> [What you should do]:
Starting at the line that contains "NRD w ramach" and stopping after the line that contains "Dual Rear Angle", transcribe the listing below exactly; do not include any pictures.

> [Data extracts]:
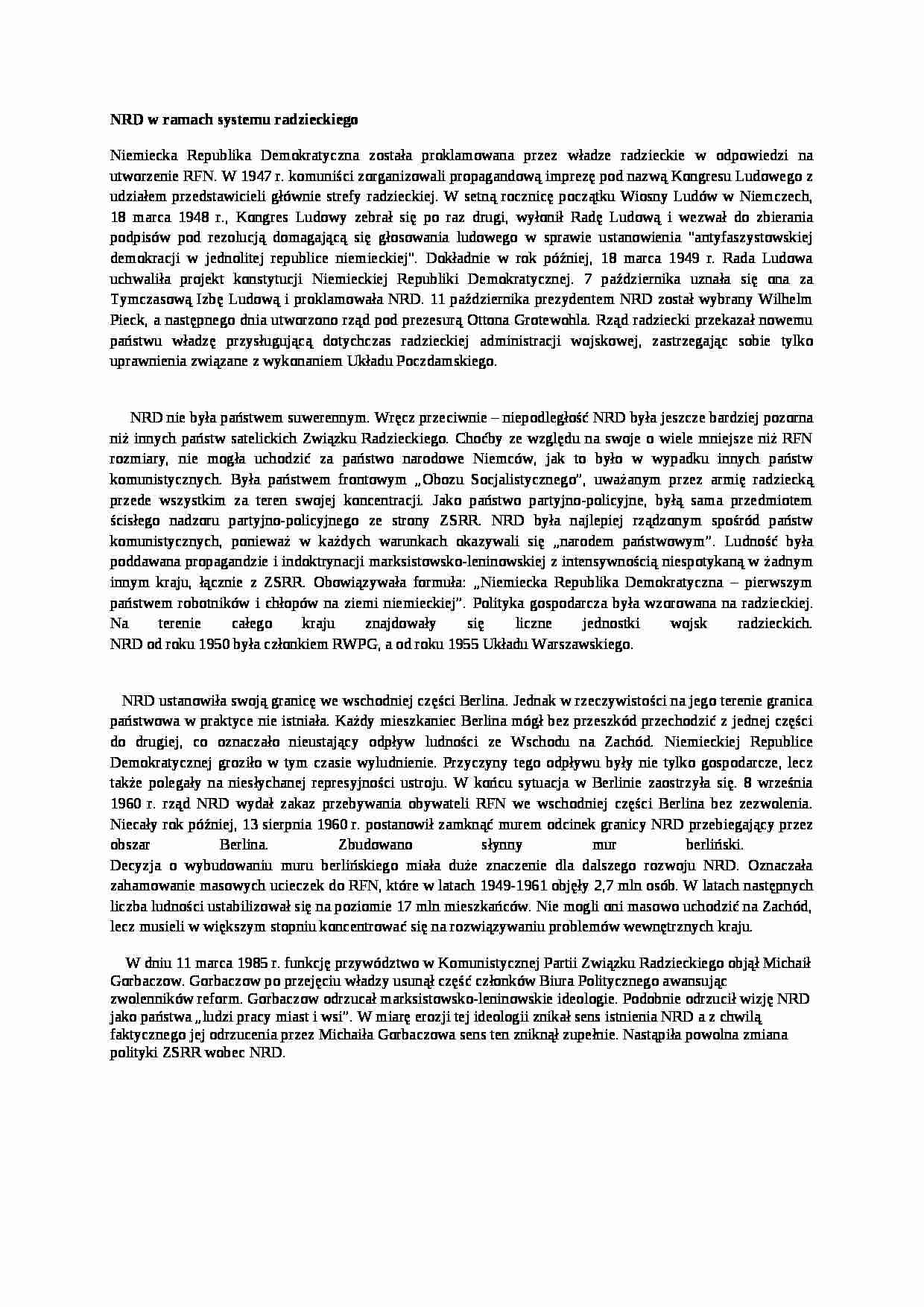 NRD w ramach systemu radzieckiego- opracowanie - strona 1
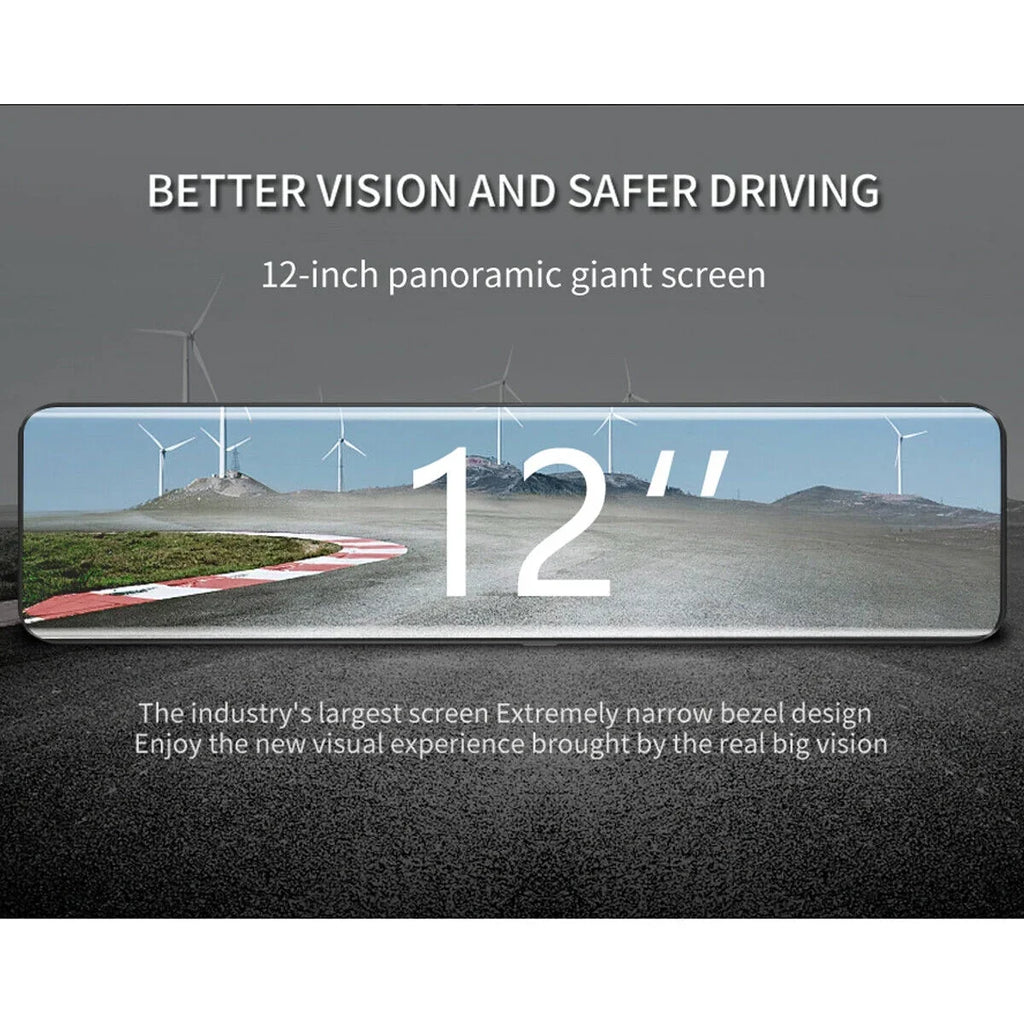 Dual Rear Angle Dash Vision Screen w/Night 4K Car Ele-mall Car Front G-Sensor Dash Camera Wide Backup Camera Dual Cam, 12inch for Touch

* * *

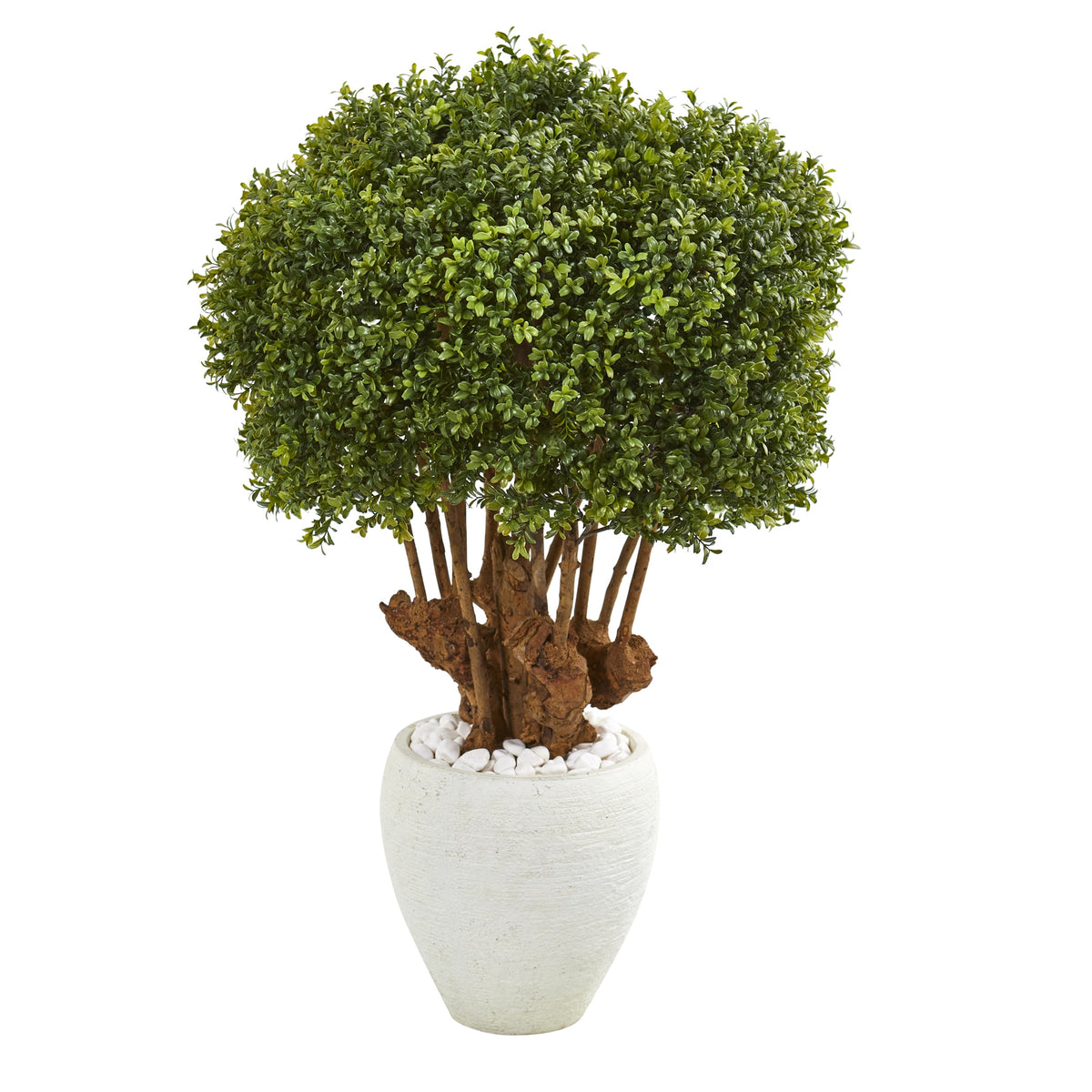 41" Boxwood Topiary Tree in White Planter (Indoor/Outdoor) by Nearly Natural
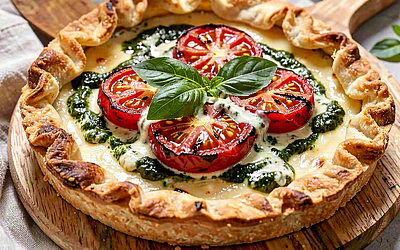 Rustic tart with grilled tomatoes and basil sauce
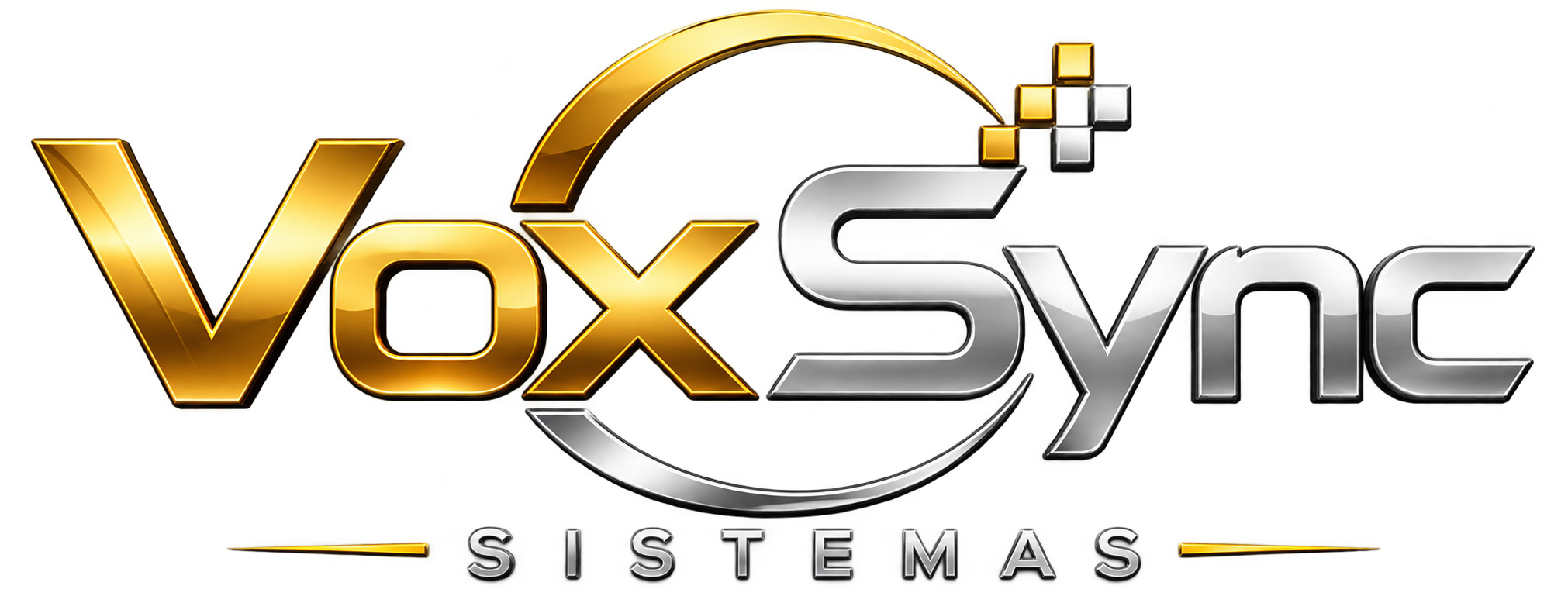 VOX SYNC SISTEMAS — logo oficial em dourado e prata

> [Problem solution]:
 NRD w ramach systemu radzieckiego- opracowanie - strona 1
 Dual Rear Angle Dash Vision Screen w/Night 4K Car Ele-mall Car Front G-Sensor Dash Camera Wide Backup Camera Dual Cam, 12inch for Touch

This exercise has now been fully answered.